After scrapping off or peeling off the stratum corneum samples, the adhesive material containing the stratum corneum is cut into strips and then a suitable organic solvent, and a suitable buffer and an internal standard is added thereto. Alternatively, the scrapped sample may be added to this mixture. Then, the mixture is agitated for anywhere from 30 seconds to 5 minutes. Thereafter, the drug to be analyzed is extracted from the mixture, wherein after an alkaline substance is added to the extracted drug in order to form the free base-of the drug.

In general, any organic solvent can be used which is capable of dissolving the drug or drugs to be detected. Generally, solvents such as diethyl ether, methanol, acetone or chloroform are used. However, any solvent which is capable dissolving the drug of interest may be used.

Such solvents are well known to those skilled in the art and can be ascertained from the Merck Index, for example.

Further, any alkaline substance may be used in an aqueous solution provided that it is capable of releasing the free drug base. Examples of such an alkaline substance is sodium and potassium carbonates and bicarbonates. Then, the drug is extracted from the alkalized-mixture using a suitable organic solvent. Further, any buffer having a pH of about 7.5 to 9.0 may be used.

Thereafter, the drug is analyzed by a number of different analytical techniques, one of-which is gas chromatography/mass spectrometry.
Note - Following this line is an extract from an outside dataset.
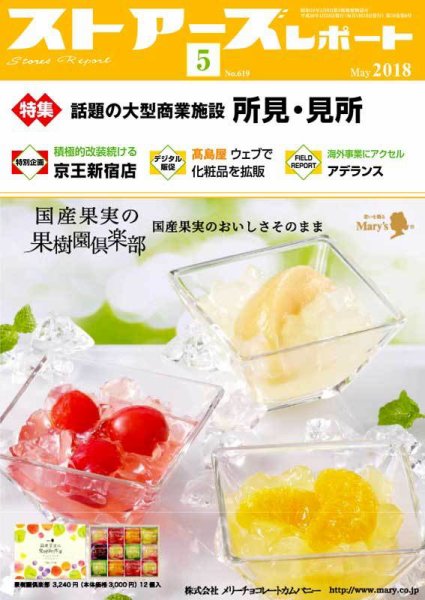 月刊ストアーズレポート 2018年5月号 (発売日2018年04月28日) 表紙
However, other

techniques may be used such as thin-layer chromatography and immunoassays such as enzyme immunoassays and fluorescence immunoassays. Enzyme-based assays are of particular interest in the present invention.

For example, numerous methods have been developed in recent years for the detection of drugs as described in U.S. Patents 3,766,162; 3,775,536; 3,799,741; 3,882,245; 3,843,696; 3,853,987; 3,867,366; 3,878,137; 3,879,262; 3,884,898; 3,888,864; 3,952,091 and 3,966,744 all of which are incorporated herein in the entirety.
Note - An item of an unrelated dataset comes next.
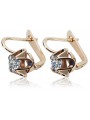Vintage silver rose gold plated 925 Zircon earrings vec018rp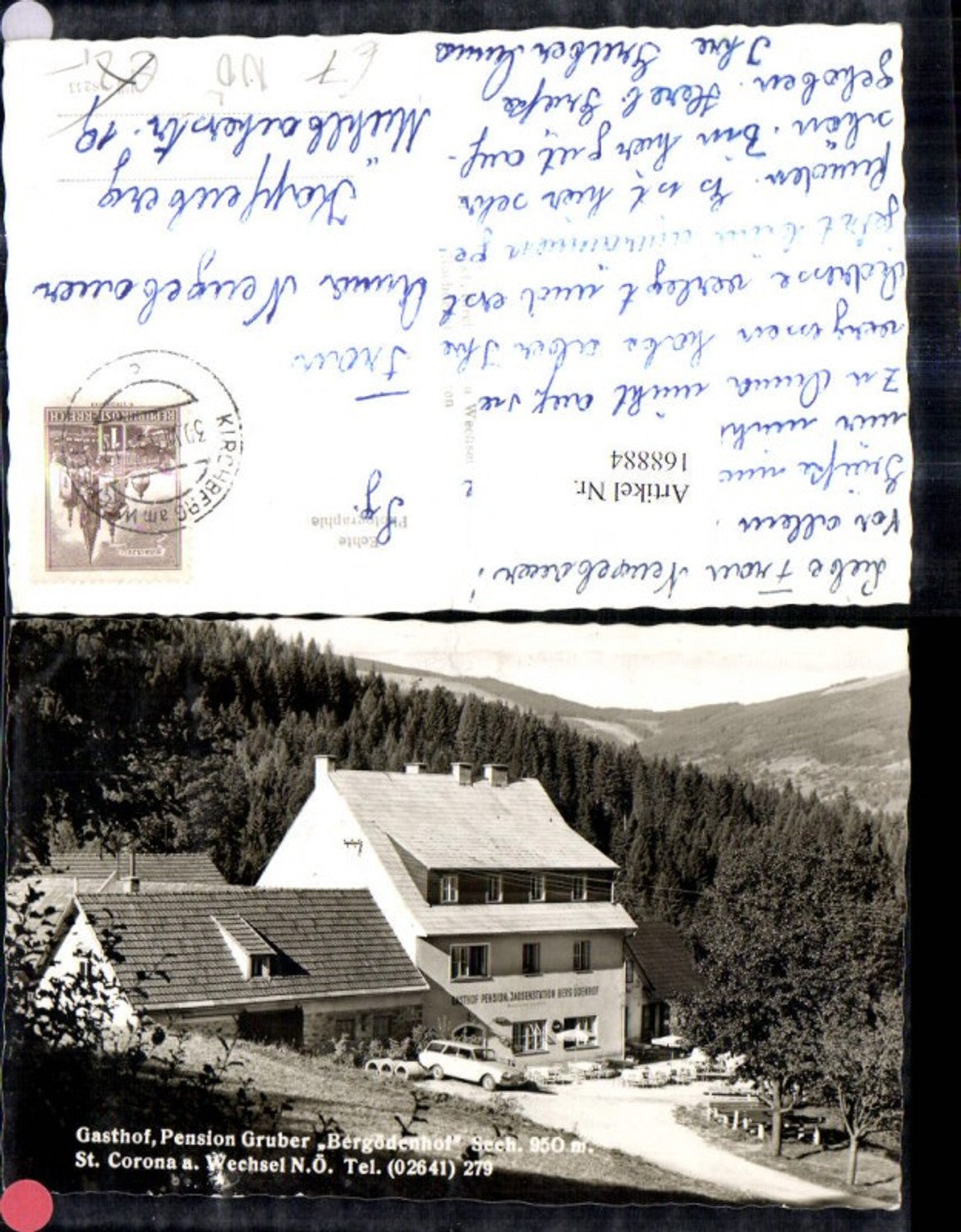 168884,Foto Ak St Corona a. Wechsel Gasthof Pension Gruber Bergödenhof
Of particular interest, however, are assays using antibodies developed for the detection of specific drugs, and assays using cell lines possessing opiate receptors.
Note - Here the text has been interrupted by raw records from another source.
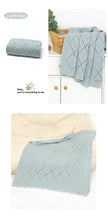 Soft Cotton Baby Blanket 90x70cm Newborn Knit Swaddle Wrap For Stroller Nursery in a lightweight cotton knit design
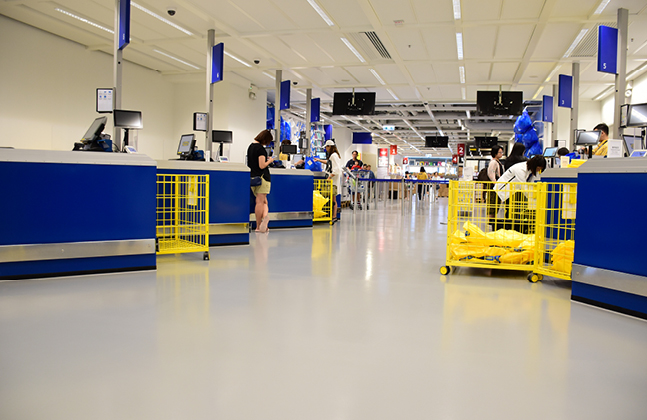 IKEA’s New Hong Store Furnished with Flowcrete Flooring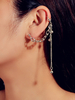 Silber Kletterohrringe Ketten Ohrringe Frauenschmuck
For example, antibodies such as those disclosed in U.S. Patents 4,151,268 (barbituric acid and derivatives thereof), and 4,197,237 and 4,123,431 (***e and

derivatives thereof) may be incorporated onto the surface of a glass slide or adhesive material and then used in the present process to detect the presence of ***e or barbituric acid or derivatives thereof using reagents as disclosed therein. U.S. Patents 4,151,268, 4,123,431 and 4,197,237 are incorporated herein in the entirety.

Notably, either monoclonal or polyclonal antibodies may be used.

Furthermore, antibodies against other drugs are known to those skilled in the art and may be used in accordance with the present invention as described in the incorporated U.S. patents noted above.

Also, it is possible to utilize opiate receptors in conjunction with a known radio labelling technique in order- to detect the presence of one or more drugs in the stratum corneum sample. In this respect, U.S. Patent 4,257,773 is incorporated herein in the entirety.

The method of U.S. Patent 4,257,773 is particularly advantageous as it may be used to detect a very wide variety of drugs.

If antibodies are used in the detection of drugs, the stratum corneum sample may be worked up as described previously and the extracted drug containing solvent mixture may be applied to the antibody-containing surface and then detected using the techniques described in any of the incorporated U.S. Patents 4,151,268, 4,123,431 and 4,197,237.

If opiate receptors are used, the same can be obtained from synaptic membranes of mammalian brain tissue in accordance with known techniques. The opiate receptors may be adhered to a solid support, such as a glass plate or glass beads or the wall of a container which is compatible with a scintillation counter. The drug or drugs present may then be detected using the technique described in U.S. Patent 4,257,773.

Furthermore, in accordance with another aspect of the present invention, the presence of one or more drugs may be detected using any of the above-described detection means without extracting the same from the stratum corneum samples. In this case, the detecting antibodies, either monoclonal or polyclonal, may be adhered to the surface of the adhesive material used to extract stratum corneum samples in any manner such that stratum corneum samples may be adhered to the surface antibodies.

The same technique may be used, except that opiate receptors or enzyme-containing materials may be adhered to the surface of the adhesive material.

In adhering the antibodies, opiate receptors or enzyme-containing materials, or even enzymes themselves, to the surface of the adhesive material, any substance may be used which effectively binds the same to the adhesive.

material. Thereafter, the presence of one or more drugs may be detected using any of the standard methods of detection discussed above. For example, well known

fluorimetric and colorimetric techniques may be used. Any of the above procedures are extremely expeditious inasmuch as many samples can be routinely analyzed in only several hours.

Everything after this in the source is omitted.